Reputation: 141
I have two data sets:
# 1.
user_id users frequency
1 1 3
2 1 1
3 1 1
# 2.
user_id sum unique
1 2 1
2 0 0
3 1 1
I want to merge on user_id
but have index based on unit1 in an ordinal fashion so the output would look like, leaving user_id
out of the picture:
# 3.
frequency users sum unique
3 1 2 1
1 2 1 1
Any thoughts on how to achieve this? Also, in terms of learning how to do these types of manipulations, is their a name for this type of manipulation?
Upvotes: 0
Views: 84
Reputation: 887681
Here is an option using tidyverse
. We can do an inner_join
between the two datasets, grouped by 'frequency', we get the sum
of the variables within summarise_each
library(dplyr)
inner_join(df1, df2) %>%
group_by(frequency) %>%
summarise_each(funs(sum), sum, unique, users)

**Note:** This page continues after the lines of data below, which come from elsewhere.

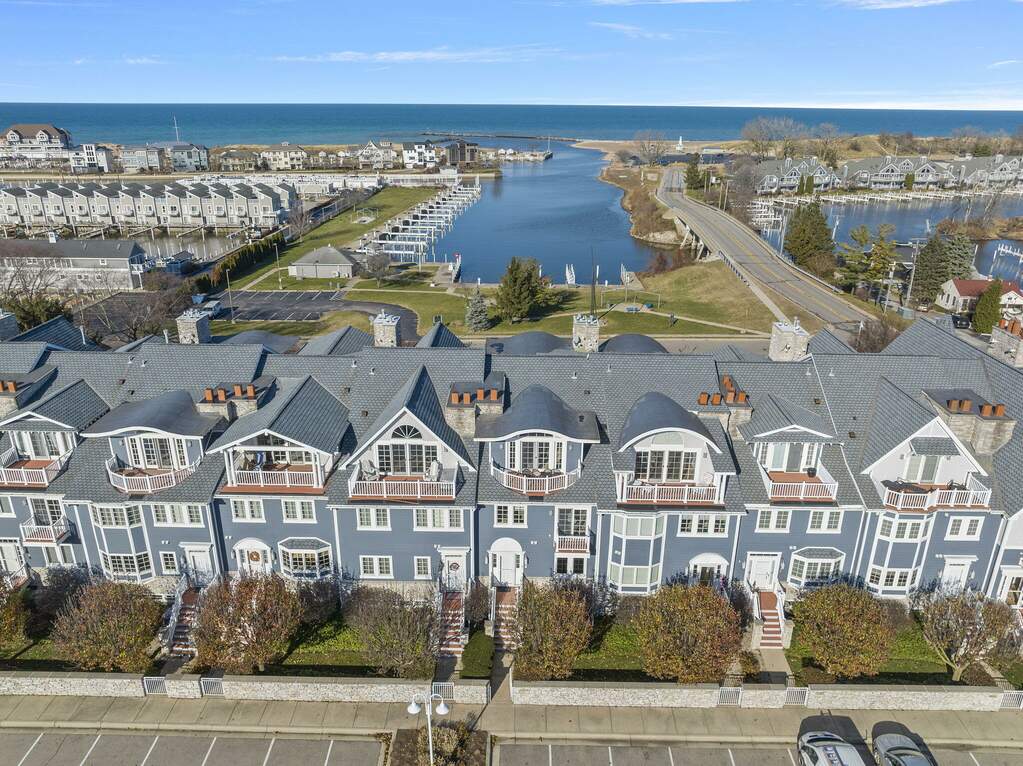 10 Oselka Drive, New Buffalo, MI 49117 MLS 23144802 properties SW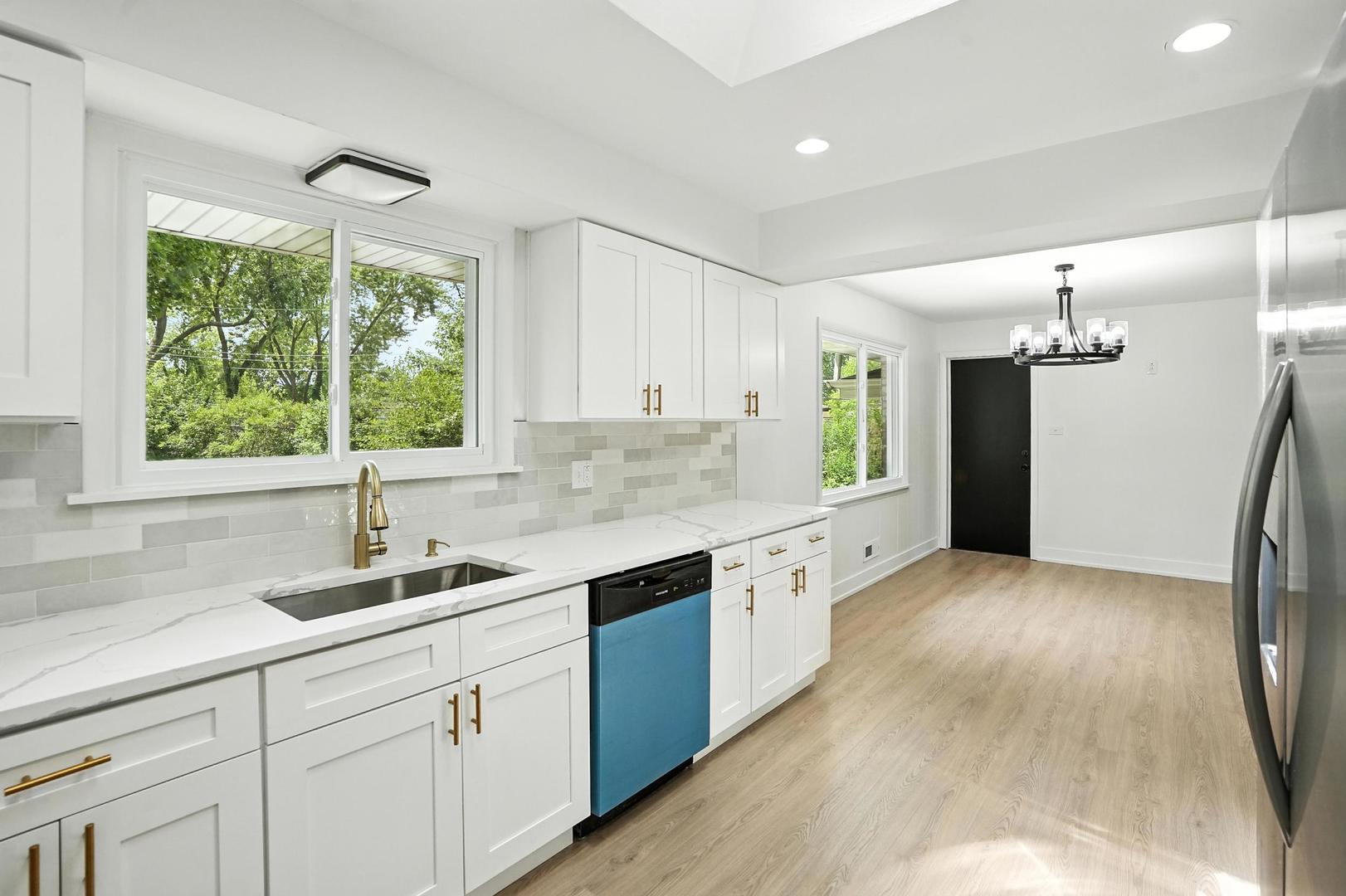 505 Betty Lane, South Holland, IL 60473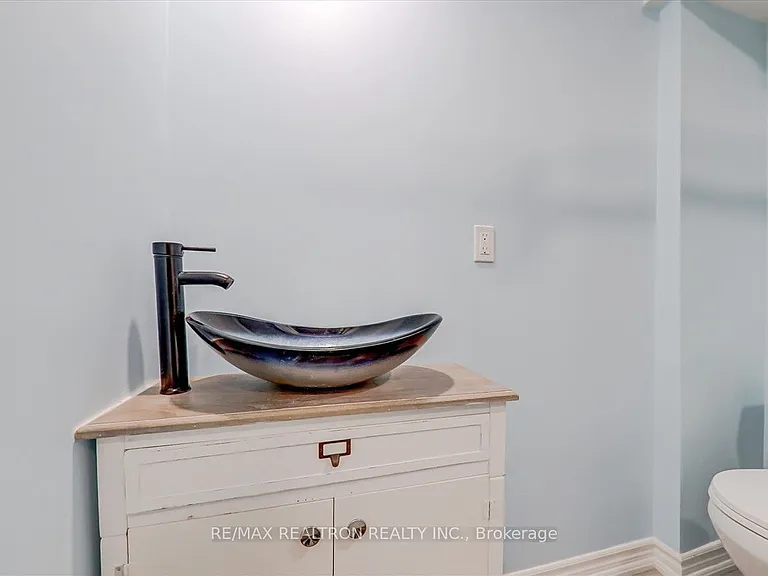 635 Beckworth Sq #BASEMENT — Photo 11
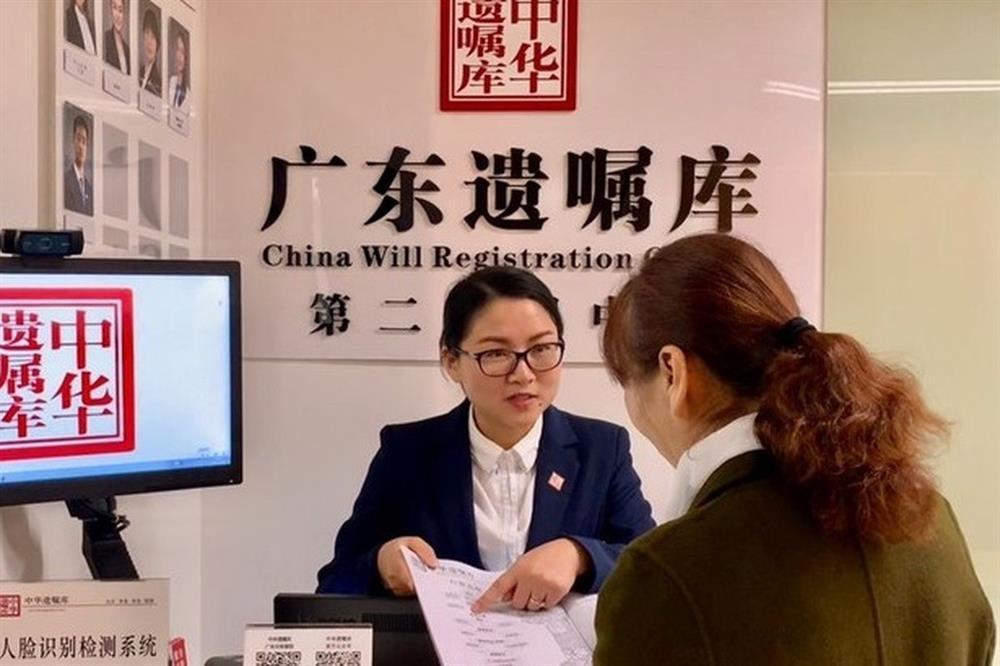 Thế hệ trẻ Trung Quốc gây tranh cãi khi đua nhau lập di chúc sớm-1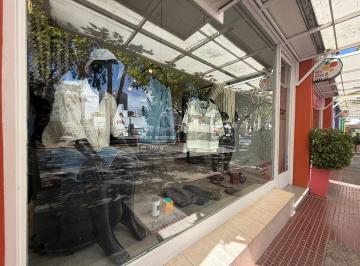 Fondo de comercio · 46m² · Venta Fondo de Comercio, Local Ropa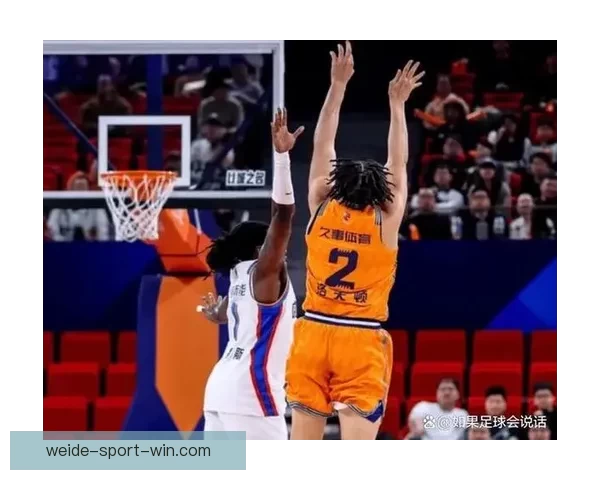 李弘权带领上海豪取十五连胜史密斯绝杀助深圳九连胜 李弘权带领上海豪取十五连胜史密斯绝杀助深圳九连胜
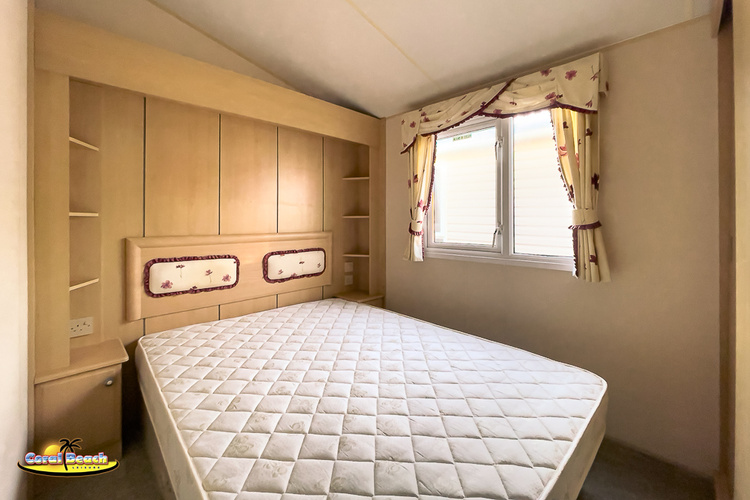 8 berth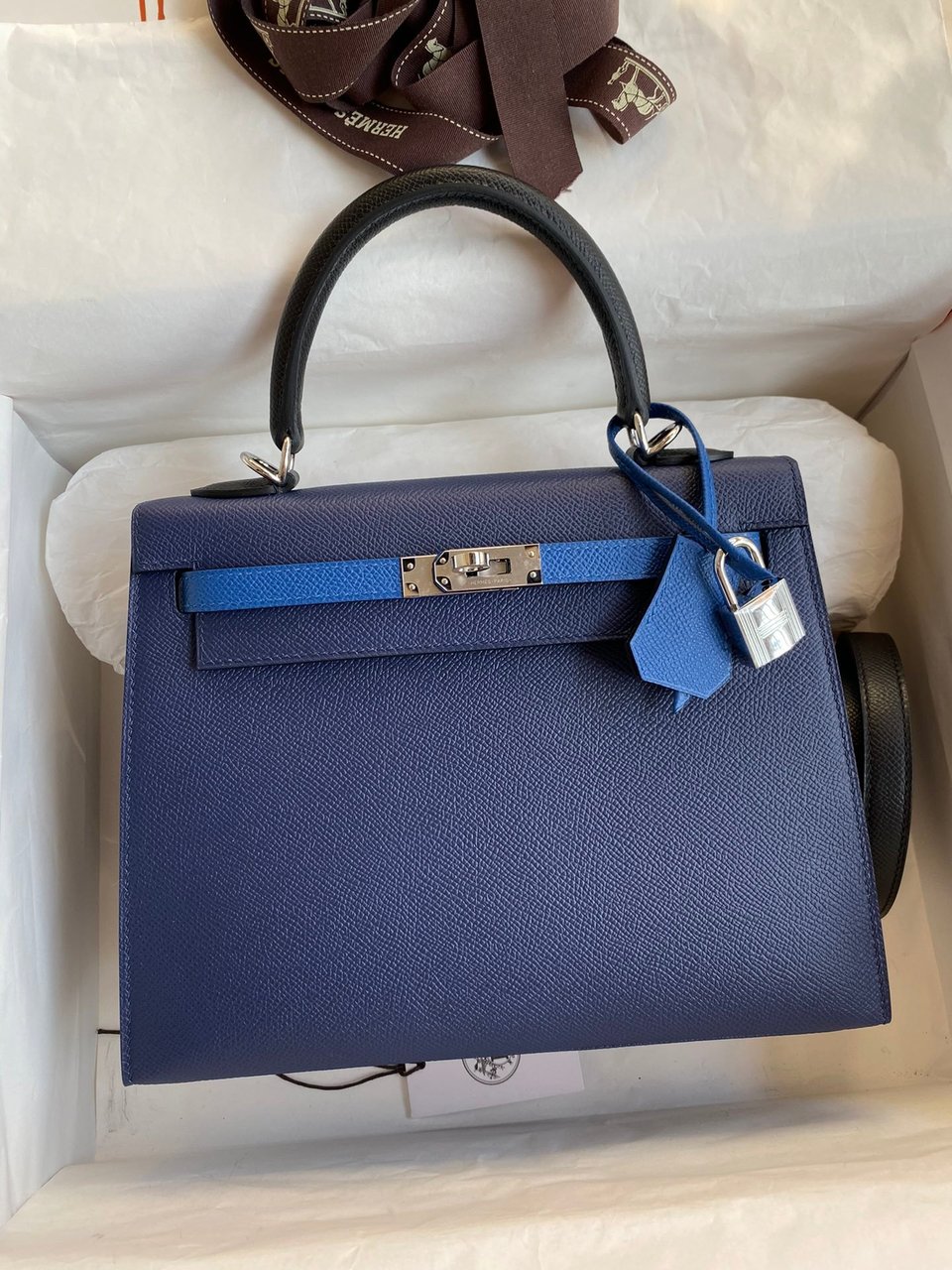 Hermes Kelly 25 Bag In Navy Blue Epsom Leather For Women 25cm/10in view 2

# frequency sum unique users
# <int> <int> <int> <int>
#1 1 1 1 2
#2 3 2 1 1
Or using base R
, we merge
the datasets and do an aggregate
aggregate(.~frequency, merge(df1, df2)[-1], FUN = sum)
# frequency users sum unique
#1 1 2 1 1
#2 3 1 2 1
Upvotes: 1
Reputation: 8413
library(data.table)
setDT(df) # this step was to make it a data.table, if its a data.frame
setDT(df1)
# logic is : first merge both df's, then group by "frequency" columns
df[df1][, lapply(.SD, sum), by = .(frequency), .SDcols = c("sum", "unique", "users")]
# frequency sum unique users
#1: 3 2 1 1
#2: 1 1 1 2
Upvotes: 2